Are there any theoretical limits on the energy of a photon?

Question

Is there any lower or upper limit on the energy of a photon? i.e. does the mathematical framework we currently use to study photons blow up when a photon surpasses a certain upper limit of energy? (or the same on the opposite side?)

My thoughts: If I let the energy of a photon tend to infinity, its wavelength would be tending to zero, and since it is thought that we cannot really distinguish things when they are on the scale of a Planck Length, would the photon have its maximum energy when its wavelength is equal to the Planck length? (Feel free to correct me, I feel I might not be.) and for the opposite end of the spectrum a photon with the least energy would have zero wavelength, implying no photon, which is a trivial case.

Answer 1

One of the main problems of Quantum Gravity is that Quantum Mechanics (in broad sense, including QFT) holds for arbitrary energies, i.e. there is no structural inner bounds to its validity nor there are known systems for which QM fails. In other terms, in the framework of QM, a collison between particles having Planckian energy has nothing special. On the other hand, at very high energy General Relativity holds and, as far it is known, its consequences must be taken in account. In particular, it is a theorem by Schoen and Yau that "[w]hen enough matter is condensed in a small region, gravitational effects will be strong enough to cause collapse and a black hole will be formed" (quoting the abstract of their article). So, there is a limit on the energy of a photon? Strictly speaking, I don't know. There is no physical evidence, as far as I know, for saying yes or no. If the answer was in the affermative however, QM has to be modified, in order to include an "inner blow up" at very high energies. Notice that one can't say for sure that a QG theory exists nor even that it is a physical necessity. The only persuading physical reason I know of to say that a more comprehensive theory ought to exist is that the cosmic microwave background, a specific GR-object, follows a black-body curve, a specific QM-behaviour.

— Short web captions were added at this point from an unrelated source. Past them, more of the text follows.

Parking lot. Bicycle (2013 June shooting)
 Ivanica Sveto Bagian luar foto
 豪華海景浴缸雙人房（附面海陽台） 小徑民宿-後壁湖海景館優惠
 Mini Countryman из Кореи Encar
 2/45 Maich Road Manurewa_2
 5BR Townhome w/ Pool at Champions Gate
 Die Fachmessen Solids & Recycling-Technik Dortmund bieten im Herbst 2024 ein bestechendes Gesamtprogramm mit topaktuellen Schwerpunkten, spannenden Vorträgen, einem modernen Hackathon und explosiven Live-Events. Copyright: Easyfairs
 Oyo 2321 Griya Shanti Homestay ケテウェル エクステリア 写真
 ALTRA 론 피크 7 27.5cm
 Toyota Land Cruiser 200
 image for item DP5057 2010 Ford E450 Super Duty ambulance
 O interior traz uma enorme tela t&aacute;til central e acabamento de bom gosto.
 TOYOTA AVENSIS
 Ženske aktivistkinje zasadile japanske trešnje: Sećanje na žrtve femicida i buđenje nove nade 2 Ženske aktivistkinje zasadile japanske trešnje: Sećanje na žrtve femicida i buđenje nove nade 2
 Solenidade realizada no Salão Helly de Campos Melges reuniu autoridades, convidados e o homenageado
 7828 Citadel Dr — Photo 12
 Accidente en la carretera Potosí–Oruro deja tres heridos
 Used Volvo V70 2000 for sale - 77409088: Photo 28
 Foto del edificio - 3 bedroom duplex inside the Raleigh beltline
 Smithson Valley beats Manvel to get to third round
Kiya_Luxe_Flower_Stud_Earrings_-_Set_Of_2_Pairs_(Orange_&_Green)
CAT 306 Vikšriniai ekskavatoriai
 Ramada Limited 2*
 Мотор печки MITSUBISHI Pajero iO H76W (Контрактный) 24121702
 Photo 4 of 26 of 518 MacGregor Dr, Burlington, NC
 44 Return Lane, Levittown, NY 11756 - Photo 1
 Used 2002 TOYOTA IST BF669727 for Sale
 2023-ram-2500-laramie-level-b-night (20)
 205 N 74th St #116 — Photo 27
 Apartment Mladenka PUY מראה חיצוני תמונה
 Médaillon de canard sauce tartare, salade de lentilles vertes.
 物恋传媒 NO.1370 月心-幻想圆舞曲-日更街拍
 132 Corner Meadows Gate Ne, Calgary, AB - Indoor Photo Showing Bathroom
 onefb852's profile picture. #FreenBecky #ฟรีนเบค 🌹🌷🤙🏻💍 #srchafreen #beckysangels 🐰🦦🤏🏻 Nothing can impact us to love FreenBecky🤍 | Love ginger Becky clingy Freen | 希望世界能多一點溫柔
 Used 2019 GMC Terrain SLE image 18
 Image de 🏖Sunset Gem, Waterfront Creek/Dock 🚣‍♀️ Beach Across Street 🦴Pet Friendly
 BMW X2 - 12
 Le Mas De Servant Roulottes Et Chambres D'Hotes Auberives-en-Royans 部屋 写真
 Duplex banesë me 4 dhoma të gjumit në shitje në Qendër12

At the opposite extreme, "soft" photons would not create any difficulty of this sort (provided that GR is "switched off", i.e., has no effects, otherwise picking sufficiently small regions the situation is in principle the same than above); interestingly, this limit is "fussy" for electrons, in the sense that, since electrons are very light but not massless, it is difficult to succeed in keeping them at nonrelativistic regime and check whether they behave according to nonrelativistic QM. Obviously, photons of too high energy are rather unuseful as probes, since annoying effects such as couple creation arise and most measurements become unsensible.

Answer 2

If a photon is too energetic then it might create a black hole according to general relativity. This poses a serious problem when trying to define the process of measuring something with arbitrary accuracy. Some heuristic considerations, based on putting the Heinsenberg's uncertainty principle together with classical General Relativity lead to an estimate of the accuracy with which you can measure some of the coordinates of an event in space-time by sending, say, photons with a certain energy distribution. After this threshold an event horizon is formed and no light can get back to the observer, so the measuring process loses its operational meaning. This has led Doplicher, Fredenhagen and Roberts to postulate that the coordinates of local orthogonal frames should be replaced by (unbounded) self-adjoint operators. For more details on this, a nice review on the subject of Quantum Space-time has just appeared on the arxiv. Briefly, commutation relations among the coordinates are assumed, $$[q^\mu,q^\nu] = i\lambda_P^2 Q^{\mu\nu}$$ and they depend on a characteristic scale given by Planck's length $\lambda_P$, and this captures the above considerations, since one can then retrieve an uncertainty principle for coordinates which is in good accordance with what it is expected from the above heuristic considerations, that is not all coordinates of an event in space-time can be measured simultaneously with arbitrary accuracy.

Answer 3

Edited because I can't read.

The Greisen–Zatsepin–Kuzmin (GZK) limit is one particular theoretical limit involving high-energy protons. Beyond this energy limit, protons scatter too much with the cosmic microwave background radiation to travel any significant distance towards Earth.

Now, in principle, photons should also interact with the CMB, scattering of two photons has already been experimentally confirmed. There are reference frames in which CMB photons have (nearly) arbitrarily high energies, and so one would expect pair production from extremely high energy gamma rays. According to this source the threshold energy is about $10^{15}\,\mathrm{eV}$. A quick search for the term "gamma ray opacity" brings up a lot of interesting papers also, including this one by Dweck and Krennrich , which deals with gamma ray scattering off of extragalactic background light.

Answer 4

I would say no, since the energy of a photon depends on the reference frame, so if a photon beam is directed toward you, the energy of the photons in your reference frame will depends on the relative speed between you and the photon source. When this speed tend toward $c$ then the energy of each photon will tend toward $+\infty$

Answer 5

Yes, you could say a photon could gain enough energy to be bound by its own gravitational field, this class of particle is known as the Geon, invented by John A. Wheeler. That energy would correspond to the Planck energy - but its very speculative and such a particle is probably not stable.